Troisièmement, je ne comprends pas pourquoi la mère a catégoriquement refusé d’autoriser le père à voir son fils mais je prends note du fait qu’au cours de la procédure se rapportant aux autres plaintes pénales mentionnées ci‑dessus, un expert en psychologie clinique a déclaré que l’enfant était très ferme dans ses convictions et refusait de passer avec son père le temps prévu dans l’ordonnance du tribunal (par. 4.7). Sachant qu’étant âgé de plus de 10 ans, le fils devrait être en mesure de juger par lui‑même et que le père n’a fait aucune observation sur ce point précis, le Comité devrait à mon avis tenir dûment compte des souhaits de l’enfant. À cet égard, je tiens à souligner que le plus important en l’espèce c’est «l’intérêt supérieur de l’enfant» et que les tribunaux tchèques doivent disposer d’éléments concrets pour se prononcer sur la question d’autant plus que l’auteur n’a pas fourni au Comité suffisamment d’arguments pour qu’il soit possible d’aller à l’encontre des jugements des tribunaux. Quoi qu’il en soit, selon la jurisprudence du Comité, ce n’est pas au Comité mais aux tribunaux nationaux compétents qu’il appartient d’évaluer les faits et les éléments de preuve dans une affaire donnée à moins qu’une telle évaluation ne soit entachée d’impartialité ou ne constitue un déni de justice. Tel n’est pas le cas en l’espèce.

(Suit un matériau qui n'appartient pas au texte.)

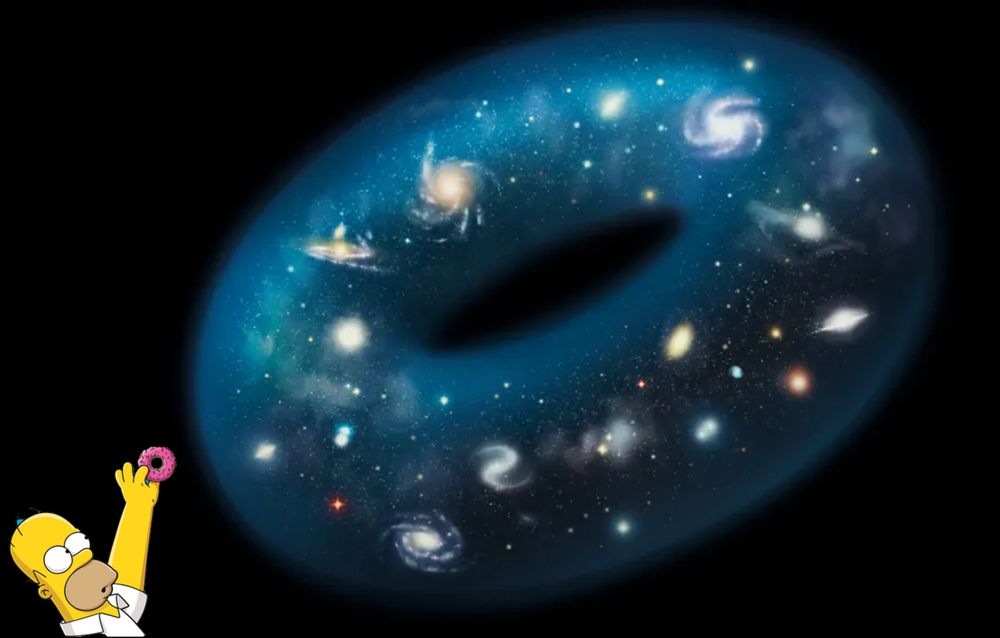 Graphic of a doughnut-shaped Universe from the article, with an image of Homer with a doughnut on hand added by me.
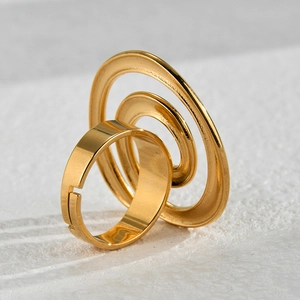 Minimalist gold titanium steel irregular hollow circle ring with layered 3D open design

Enfin, l’auteur fait valoir que l’État partie n’a pas assuré la protection requise en utilisant tous les moyens à sa disposition (par. 5.3) et le Comité estime que l’État partie a l’obligation de fournir à l’auteur un recours utile, qui devrait comprendre des mesures propres à assurer l’exécution rapide des ordonnances judiciaires concernant les relations entre l’auteur et son fils (par. 8). Eu égard au caractère particulier des questions familiales en général et des circonstances particulières de la présente affaire, je dois admettre que le recours judiciaire n’est pas omnipotent et qu’il existe certaines limites au‑delà desquelles il ne peut et ne doit pas aller. En conséquence, l’État partie aurait difficilement pu faire plus que ce qu’il a fait.